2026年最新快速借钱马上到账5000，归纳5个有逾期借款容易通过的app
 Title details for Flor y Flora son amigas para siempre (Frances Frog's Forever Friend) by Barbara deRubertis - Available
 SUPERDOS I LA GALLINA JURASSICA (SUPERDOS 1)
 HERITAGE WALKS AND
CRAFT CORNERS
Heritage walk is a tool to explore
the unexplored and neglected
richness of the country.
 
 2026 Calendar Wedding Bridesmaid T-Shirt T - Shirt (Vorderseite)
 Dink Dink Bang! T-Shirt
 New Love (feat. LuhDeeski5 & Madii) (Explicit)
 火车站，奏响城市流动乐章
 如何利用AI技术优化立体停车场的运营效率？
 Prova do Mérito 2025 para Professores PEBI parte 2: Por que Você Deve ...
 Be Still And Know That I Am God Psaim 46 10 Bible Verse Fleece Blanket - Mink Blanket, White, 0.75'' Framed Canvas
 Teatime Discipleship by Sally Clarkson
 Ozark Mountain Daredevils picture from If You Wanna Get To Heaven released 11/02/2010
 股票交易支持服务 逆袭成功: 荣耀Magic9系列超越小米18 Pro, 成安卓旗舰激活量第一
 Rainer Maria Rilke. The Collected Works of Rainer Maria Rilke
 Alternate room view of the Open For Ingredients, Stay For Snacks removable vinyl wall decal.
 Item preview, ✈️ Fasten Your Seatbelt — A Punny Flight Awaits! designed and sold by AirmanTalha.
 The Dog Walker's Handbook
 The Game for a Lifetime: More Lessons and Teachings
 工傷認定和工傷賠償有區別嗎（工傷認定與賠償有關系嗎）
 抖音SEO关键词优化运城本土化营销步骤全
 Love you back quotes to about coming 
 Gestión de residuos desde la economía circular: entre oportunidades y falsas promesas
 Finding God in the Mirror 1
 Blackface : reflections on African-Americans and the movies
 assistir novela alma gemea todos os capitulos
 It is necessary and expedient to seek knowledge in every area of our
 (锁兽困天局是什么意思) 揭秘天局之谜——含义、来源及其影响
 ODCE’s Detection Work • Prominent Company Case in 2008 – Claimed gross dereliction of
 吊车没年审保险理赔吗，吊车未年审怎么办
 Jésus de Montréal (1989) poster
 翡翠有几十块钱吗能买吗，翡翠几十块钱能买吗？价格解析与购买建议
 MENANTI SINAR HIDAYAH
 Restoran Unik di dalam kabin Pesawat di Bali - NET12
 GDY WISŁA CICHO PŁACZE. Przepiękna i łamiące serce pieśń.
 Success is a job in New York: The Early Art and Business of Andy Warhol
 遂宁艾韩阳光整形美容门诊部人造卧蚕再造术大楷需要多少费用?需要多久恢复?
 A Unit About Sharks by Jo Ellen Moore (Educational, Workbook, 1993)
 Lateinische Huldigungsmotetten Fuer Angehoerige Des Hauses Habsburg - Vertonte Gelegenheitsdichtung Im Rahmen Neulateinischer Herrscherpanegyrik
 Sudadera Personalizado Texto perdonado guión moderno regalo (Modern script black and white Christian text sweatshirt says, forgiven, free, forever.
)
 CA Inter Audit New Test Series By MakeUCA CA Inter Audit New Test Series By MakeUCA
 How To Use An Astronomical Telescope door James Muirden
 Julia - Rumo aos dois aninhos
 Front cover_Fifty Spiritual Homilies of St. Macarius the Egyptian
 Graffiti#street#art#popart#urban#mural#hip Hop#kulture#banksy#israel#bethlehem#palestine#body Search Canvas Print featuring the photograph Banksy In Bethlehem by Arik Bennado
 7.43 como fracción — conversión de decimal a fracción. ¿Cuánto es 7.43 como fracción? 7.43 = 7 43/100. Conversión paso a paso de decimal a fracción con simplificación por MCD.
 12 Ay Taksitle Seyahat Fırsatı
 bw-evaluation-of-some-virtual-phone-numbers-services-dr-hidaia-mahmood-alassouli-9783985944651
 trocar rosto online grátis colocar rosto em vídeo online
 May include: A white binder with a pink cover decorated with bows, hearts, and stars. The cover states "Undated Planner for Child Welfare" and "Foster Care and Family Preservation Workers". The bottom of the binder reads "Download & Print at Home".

WHAT YOU NEED TO DO ▸ Which lines in the data above hold the string "para"? Show each one.

YOUR SOLUTION ▸
 Title details for Flor y Flora son amigas para siempre (Frances Frog's Forever Friend) by Barbara deRubertis - Available
 Prova do Mérito 2025 para Professores PEBI parte 2: Por que Você Deve ...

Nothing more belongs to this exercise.